▶ **Task to carry out**
Could you copy every entry exactly, dropping the pictures?

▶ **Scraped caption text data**
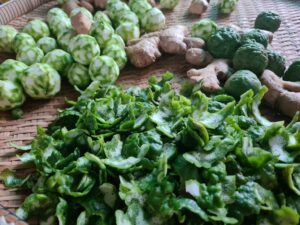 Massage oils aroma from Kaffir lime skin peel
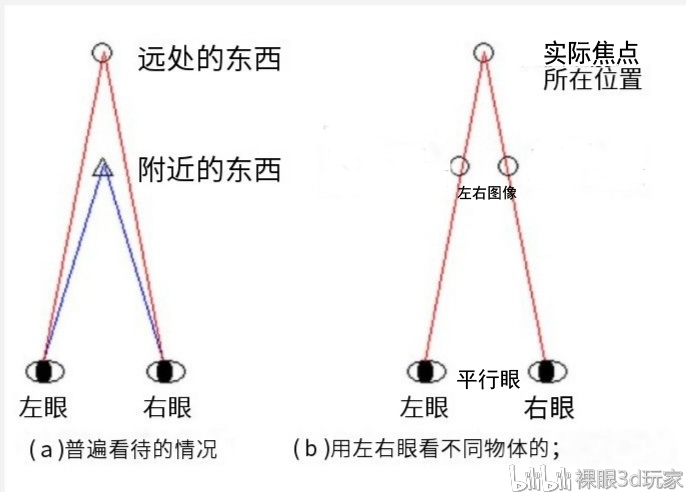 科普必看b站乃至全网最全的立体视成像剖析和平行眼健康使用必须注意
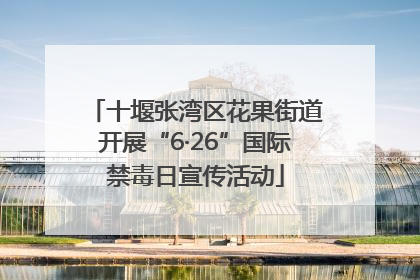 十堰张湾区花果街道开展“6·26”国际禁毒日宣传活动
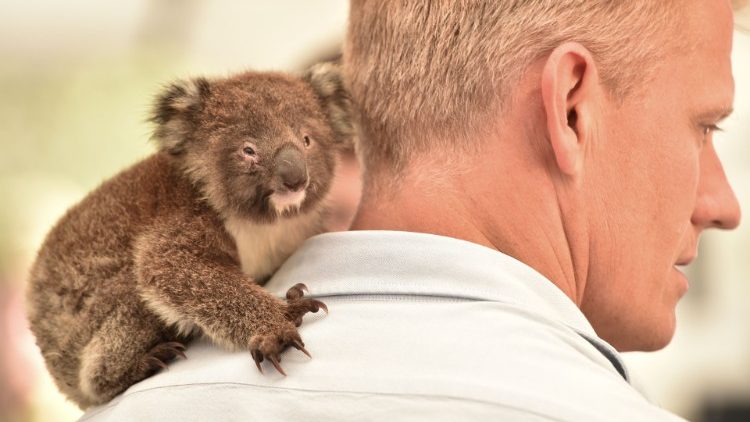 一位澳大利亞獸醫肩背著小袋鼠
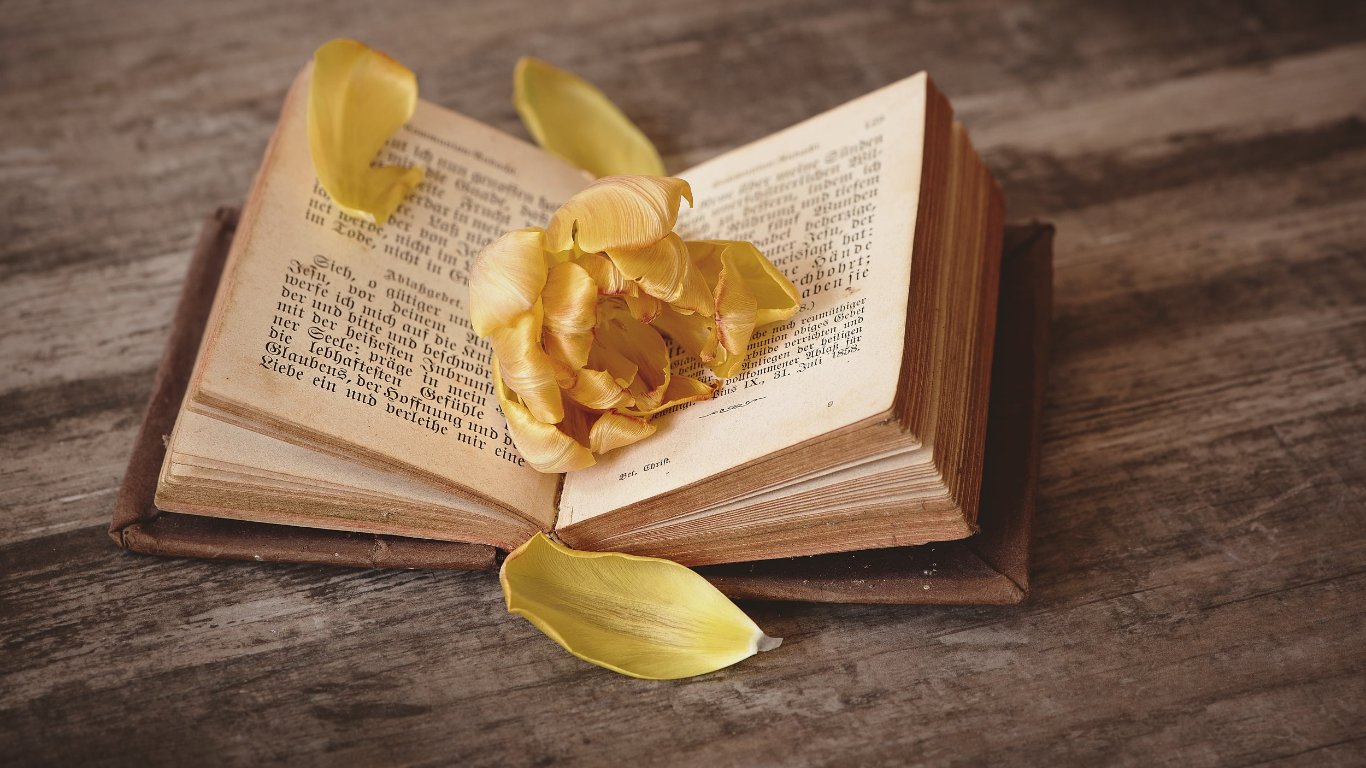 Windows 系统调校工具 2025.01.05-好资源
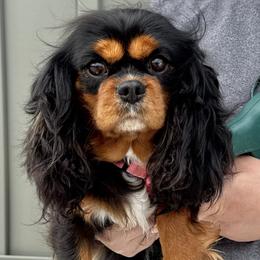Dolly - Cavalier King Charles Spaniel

▶ **Worked solution**
 Massage oils aroma from Kaffir lime skin peel
 科普必看b站乃至全网最全的立体视成像剖析和平行眼健康使用必须注意
 十堰张湾区花果街道开展“6·26”国际禁毒日宣传活动
 一位澳大利亞獸醫肩背著小袋鼠
 Windows 系统调校工具 2025.01.05-好资源
Dolly - Cavalier King Charles Spaniel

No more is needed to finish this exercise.